What is needed is a word-for-word copy of the lines below from the one with "Exposición en pared" through the one with "Bed and Breakfast Huset I 3*", both included, with every picture left out.

## SOURCE RECORDS
____

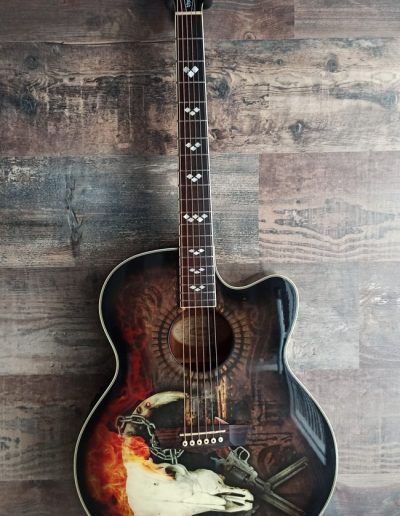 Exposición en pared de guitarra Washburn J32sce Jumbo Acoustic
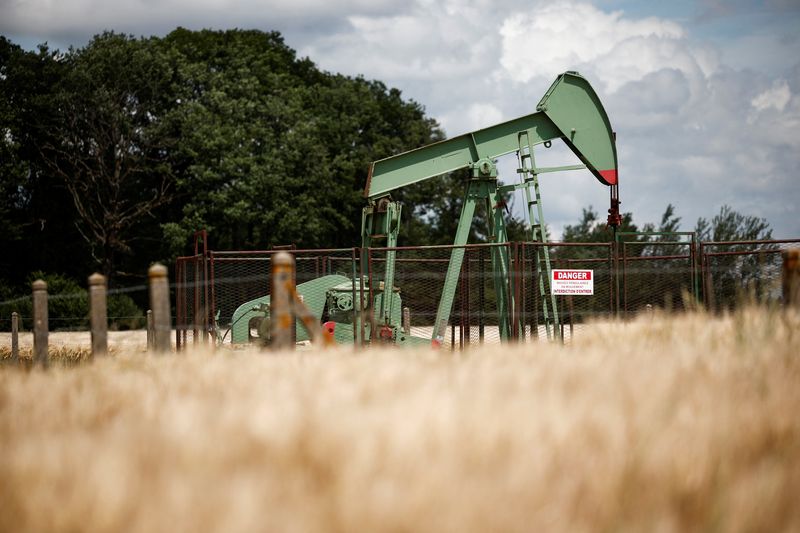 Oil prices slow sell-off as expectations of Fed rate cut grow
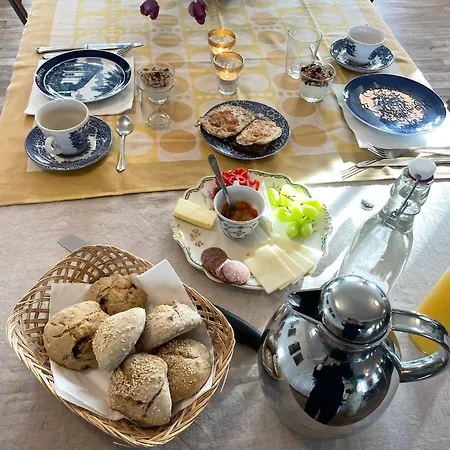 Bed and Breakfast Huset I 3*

____

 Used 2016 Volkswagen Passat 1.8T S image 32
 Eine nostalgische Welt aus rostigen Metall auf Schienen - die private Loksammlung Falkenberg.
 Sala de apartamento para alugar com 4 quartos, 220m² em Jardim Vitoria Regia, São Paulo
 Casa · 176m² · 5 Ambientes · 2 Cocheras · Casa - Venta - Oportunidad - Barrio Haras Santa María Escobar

____

## ANSWER AREA
 Exposición en pared de guitarra Washburn J32sce Jumbo Acoustic
 Oil prices slow sell-off as expectations of Fed rate cut grow
 Bed and Breakfast Huset I 3*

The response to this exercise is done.